Atomic magnetometers used to make ultra-low field MRI

November 7, 2011—LANL researchers are developing a system to make ultra-low field magnetic resonance imaging (MRI) commercially viable for medical applications.

The researchers have been working on an ultra-low field MRI system using low temperature SQUIDS (supercomputing quantum interference devices). Ultra-low field MRI with low temperature SQUIDs in a shielded room has many potential advantages for medical imaging, such as convenience, enhanced contrast, and open design. However, the need for SQUIDs, associated cryogens (low temperature liquids used as refrigerants), and a shielded room made of a special metal alloy are significant drawbacks to a commercially viable system. A SQUID-based system is not cheap because SQUIDS require frequent attention, with cryogens having to be replenished.

The team investigated alternative non-cryogenic detection methods and focused on substituting an atomic magnetometer (a tiny but sensitive low-power magnetic sensor) for SQUIDs in ultra-low field MRI. The substitution of a magnetometer and a flux transformer required the researchers to change the nuclear magnetic resonance frequency and increase the pre-polarization field strength of the system to obtain the needed sensitivity for imaging.

Advantages of the new system

Using this alternative method, the researchers reduced the time needed to take an MRI image. They obtained quality images of a hand with in-plane resolution of 2.5 x 2.5 mm2 after it was in the machine for only five minutes. Conventional commercial MRIs require that the body part being scanned remain immobilized in the machine for substantial periods of time while data for an image is collected. In addition, the new system achieves high sensitivity and good-quality imaging without a shielded room or any large-size structure. This makes the system cost-effective, convenient, compact, and portable.

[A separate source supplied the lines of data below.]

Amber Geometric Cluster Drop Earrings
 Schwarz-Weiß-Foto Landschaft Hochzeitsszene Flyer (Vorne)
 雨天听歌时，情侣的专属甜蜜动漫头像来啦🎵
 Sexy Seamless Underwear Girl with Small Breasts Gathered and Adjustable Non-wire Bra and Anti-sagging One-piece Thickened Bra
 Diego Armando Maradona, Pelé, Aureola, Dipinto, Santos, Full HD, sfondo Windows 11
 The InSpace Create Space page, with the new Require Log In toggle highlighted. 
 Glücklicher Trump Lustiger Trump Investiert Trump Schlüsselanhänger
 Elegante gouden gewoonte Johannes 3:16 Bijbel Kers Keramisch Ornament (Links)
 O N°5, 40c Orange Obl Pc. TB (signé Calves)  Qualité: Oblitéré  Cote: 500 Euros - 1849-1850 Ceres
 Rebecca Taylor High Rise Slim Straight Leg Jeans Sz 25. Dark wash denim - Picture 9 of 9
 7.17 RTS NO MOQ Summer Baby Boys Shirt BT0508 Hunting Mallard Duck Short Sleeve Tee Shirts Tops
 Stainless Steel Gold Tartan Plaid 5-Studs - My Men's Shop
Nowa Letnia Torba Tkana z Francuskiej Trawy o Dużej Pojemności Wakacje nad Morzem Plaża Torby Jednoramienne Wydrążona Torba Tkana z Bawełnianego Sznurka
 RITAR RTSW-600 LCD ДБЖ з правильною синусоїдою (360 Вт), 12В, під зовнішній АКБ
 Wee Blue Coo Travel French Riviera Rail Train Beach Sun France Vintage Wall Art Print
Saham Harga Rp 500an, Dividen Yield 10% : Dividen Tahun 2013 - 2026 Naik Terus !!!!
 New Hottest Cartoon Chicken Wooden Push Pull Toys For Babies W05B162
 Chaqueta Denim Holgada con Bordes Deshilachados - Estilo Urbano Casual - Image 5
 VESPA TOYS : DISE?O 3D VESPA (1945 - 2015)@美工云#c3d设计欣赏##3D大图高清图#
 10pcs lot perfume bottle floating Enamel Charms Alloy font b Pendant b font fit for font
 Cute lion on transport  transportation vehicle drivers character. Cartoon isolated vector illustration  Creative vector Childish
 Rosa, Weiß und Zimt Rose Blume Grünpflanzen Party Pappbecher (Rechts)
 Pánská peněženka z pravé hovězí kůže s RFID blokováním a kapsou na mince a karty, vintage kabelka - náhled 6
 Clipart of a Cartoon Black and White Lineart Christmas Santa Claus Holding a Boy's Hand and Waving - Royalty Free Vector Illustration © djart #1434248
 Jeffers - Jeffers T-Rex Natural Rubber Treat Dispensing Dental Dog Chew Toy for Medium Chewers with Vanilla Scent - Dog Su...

The researchers believe that it may be possible to implement a high-sensitivity, multi-channel, non-resonant MRI detection system employing atomic magnetometers. This would make the image quality of ultra-low field MRI scanners comparable to other scanners used for anatomical imaging. Moreover, the multi-channel system would enable large-size imaging of the head, spine, or even whole body by covering the imaging area with an array of flux transformers connected to atomic magnetometers that operate independently. The hand image is only the first step in showing the feasibility of the non-cryogenic ultra-low field method of anatomical imaging.

Researchers include Igor Savukov, Todor Karaulanov, Petr Volegov, Andrei Matlashov, Michelle Espy, Algis Urbaitis, John Gomez, A. Castro, and Shaun Newman of the Laboratory's Applied Modern Physics group. The Journal of Magnetic Resonance published the work and featured it on the journal cover. The National Institutes of Health funds the research, which supports the Lab’s Global Security mission area and the Science of Signatures science pillar.